According to the writer to the Hebrews, “we do not have a high priest who is unable to empathize with our weaknesses, but we have one who has been tempted in every way, just as we are—yet he did not sin” (Heb. 4:15). The implications of this statement for Christian theology down through the centuries have been profound. Even today, many a sermon begins by reassuring the congregation that Jesus knows what it is like to undergo temptations as we do because he was like us in every way, sin excepted.
But how are we understand this claim? The Gospels only record temptations that are hard for many of us to relate to: an appeal for Jesus to jump off a building, for instance, or a prayer to avoid the cross. Seemingly absent are the more pedestrian temptations Christians undergo daily, temptations toward cheating, overindulgence, pride, corrupt sexuality, and the like. How should the assurance from Hebrews be of help to Christians today?
The Jesus of the New Testament Gospels was certainly a human being. Human beings are tempted. So he was tempted. That much is like us. Yet Christ is not merely human as we are. For the traditional Christian claim is that he is God incarnate. As Charles Wesley’s Christmas carol puts it, “veiled in flesh the Godhead see! Hail the incarnate Deity!”
But here is the rub: Scripture also says God cannot be tempted. “When tempted, no one should say, ‘God is tempting me.’ For God cannot be tempted by evil, nor does he tempt anyone” (James 1:13). So we have a dilemma. On the one hand, Jesus is like us in every way, being tempted as we are yet without sin. On the other hand, God is incapable of being tempted. Yet Jesus is both fully divine and fully human. How are we to reconcile these apparently competing claims in Scripture? This is the paradox of Jesus’ temptations.

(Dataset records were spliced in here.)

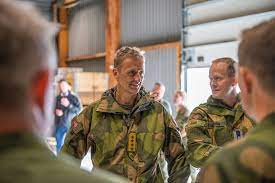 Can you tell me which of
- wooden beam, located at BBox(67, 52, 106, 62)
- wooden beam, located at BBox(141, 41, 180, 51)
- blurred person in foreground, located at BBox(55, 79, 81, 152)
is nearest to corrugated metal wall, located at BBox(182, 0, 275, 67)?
Answer: wooden beam, located at BBox(141, 41, 180, 51)

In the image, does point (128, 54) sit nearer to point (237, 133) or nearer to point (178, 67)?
point (237, 133)

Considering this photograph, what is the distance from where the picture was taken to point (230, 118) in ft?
10.8

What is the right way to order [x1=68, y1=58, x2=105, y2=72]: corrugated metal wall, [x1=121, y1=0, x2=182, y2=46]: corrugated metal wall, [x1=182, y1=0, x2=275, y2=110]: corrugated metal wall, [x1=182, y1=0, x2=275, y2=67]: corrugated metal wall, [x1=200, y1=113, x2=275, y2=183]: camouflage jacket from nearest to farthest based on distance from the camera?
[x1=200, y1=113, x2=275, y2=183]: camouflage jacket, [x1=182, y1=0, x2=275, y2=67]: corrugated metal wall, [x1=182, y1=0, x2=275, y2=110]: corrugated metal wall, [x1=121, y1=0, x2=182, y2=46]: corrugated metal wall, [x1=68, y1=58, x2=105, y2=72]: corrugated metal wall

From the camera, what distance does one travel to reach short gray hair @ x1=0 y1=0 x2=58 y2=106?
919 millimetres

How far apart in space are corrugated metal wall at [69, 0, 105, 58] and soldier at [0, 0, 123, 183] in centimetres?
1300

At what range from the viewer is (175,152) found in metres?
3.28

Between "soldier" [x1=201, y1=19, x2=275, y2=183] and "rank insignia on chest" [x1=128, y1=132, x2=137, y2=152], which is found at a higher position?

As if that isn’t enough to deal with, the Bible says other things that make matters even more puzzling. In Romans, the Apostle Paul says that Jesus was made in the likeness of sinful flesh (Rom. 8:3). Elsewhere he writes, “God made him who had no sin to be sin for us, so that in him we might become the righteousness of God” (2 Cor. 5:21, emphasis added). Christ is not just made in the likeness of sinful flesh in his human nature, but even becomes sin for us in order to bring about our redemption. Then, in Galatians, Paul writes, “Christ redeemed us from the curse of the law by becoming a curse for us, for it is written: ‘Cursed is everyone who is hung on a pole’” (Gal. 3:13, emphasis added). Christ is made in the likeness of sinful flesh and becomes sin for us by being cursed in the crucifixion.

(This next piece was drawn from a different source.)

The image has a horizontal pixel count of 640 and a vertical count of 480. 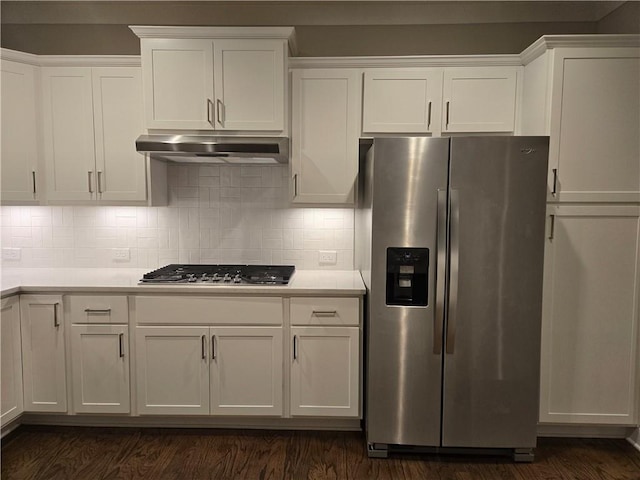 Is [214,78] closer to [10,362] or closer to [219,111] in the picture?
[219,111]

Now it might seem this has taken us rather far away from the original point about temptations. But, in fact, the two things—the temptations of Jesus and the crucifixion of Jesus—are related as far as our paradox is concerned. For if God’s eyes are too pure to look upon evil or tolerate wrongdoing (Hab. 1:13), how can he be united with a human nature in Jesus that is “in the likeness of sinful flesh,” even to the extent of becoming sin by being cursed on the tree? God and evil cannot mix any more than oil and water. And just as God cannot become sinful, and yet does in some way become sin for us in Christ, so also God cannot be tempted by sin, and yet he in Christ is tempted like us in every way yet without sinning.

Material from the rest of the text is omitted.